The future is largely Indian and to have a connection to this most culturally rich of civilisations is an awesome privilege
BY AMOL RAJAN
SOURCE: THE INDEPENDENT
Friday 28 December 2012
By the time you read this, I shall most likely be in Pune, the sprawling metropolis that is India’s ninth largest city and the birthplace of my mother.
This trip has a sharpness to it: I used to go back to India every couple of years until the age of 18 but haven’t been back in the decade since and am without my parents as my mother is unable to travel. When I booked the tickets earlier this year I had intended for it to be a kind of engagement tour. I would propose in front of the Taj Mahal, or in the hill station at Munnar, or in some back alley of Jaipur. But I got impatient and proposed in September. So now I’m seeing family, having fun, and thinking about the future.

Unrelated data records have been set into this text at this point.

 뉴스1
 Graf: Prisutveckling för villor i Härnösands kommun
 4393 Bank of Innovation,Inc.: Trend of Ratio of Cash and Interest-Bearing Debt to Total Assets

That future is largely Indian. By that I don’t mean to say I’m moving back to the homeland, though I’m sure that would come as a relief to you; rather, that as I start thinking about having children myself, and the world they will grow up in, I realise that to have a connection to this most thrilling, blessed, and culturally rich of civilisations is an awesome privilege.
Most people know India is the most crazy and successful experiment in the history of democracy; fewer know that it is widely predicted to be the world’s biggest economy in under 40 years; and fewer still know its Constitution declares it to be a “sovereign, socialist, secular democratic Republic.”